Effect of iron status and of modulation of MDM2/p53 on cell proliferation in HepG2 human hepatoblastoma cells. A: Effect of iron status on H³-Thymidine incorporation in HepG2 cells untreated (Control) and treated for 24 hours with 150 μmol/L FAC (FAC) or 100 μmol/L Dfo (Dfo) in the presence or absence of insulin 0.33 μmol/L. Results are mean ± SD of three independent experiments. cpm: counts per minute. *P < 0.05 vs. untreated cells in the absence of insulin.
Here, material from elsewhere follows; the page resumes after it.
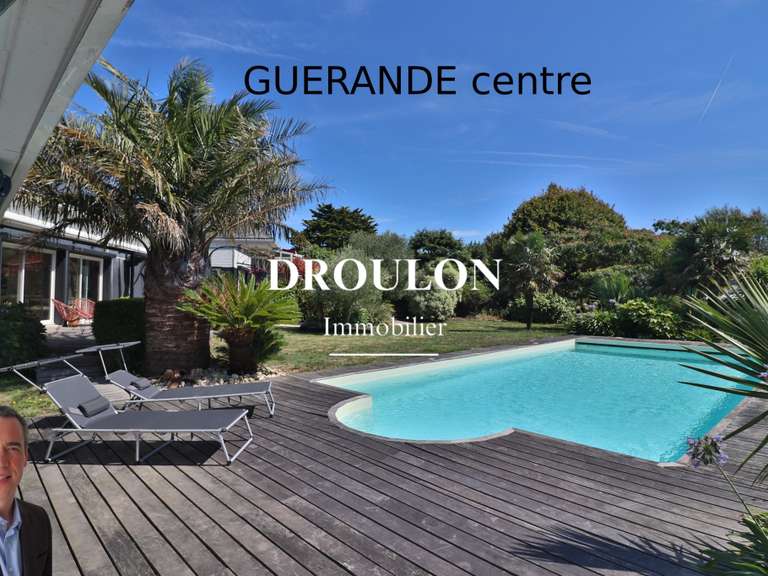 Maison Guérande - 5 chambres - 265m²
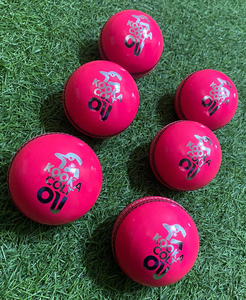 ลูกคริกเก็ต KOOKABURRA COLT สีชมพู ขาว แดง สีสั่งทำพิเศษ น้ำหนัก 156 กรัม ลูกคริกเก็ตแข็งสำหรับผู้ชาย ลูกคริกเก็ตสำหรับแข่งขันในลีก - Product Image 1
B: Effect of iron status and of MDM2/p53 modulation on cell number in HepG2 cells untreated or treated for 24 hours with 150 μmol/L FAC (FAC) or 80/120 μmol/L Dfo (+/++ Dfo) in the presence or absence of 25 μmol/L nutlin (Nutlin). The horizontal line indicated the number of cells plated at the beginning of the experiment. *P < 0.05 vs. untreated cells in the absence of nutlin, **P < 0.05 vs. untreated cells in the presence of nutlin. C: Effect of iron status and of MDM2/p53 modulation on p53 protein levels in HepG2 cells untreated or treated for 24 hours with 150 μmol/L FAC (FAC) or 120 μmol/L Dfo (Dfo) in the presence or absence of 25 μmol/L nutlin (Nutlin). AU: protein levels normalized for β-actin, arbitrary units. Results are representative of two independent experiments. *P < 0.05 vs. untreated cells in the absence of nutlin, **P < 0.05 vs. untreated cells in the presence of nutlin.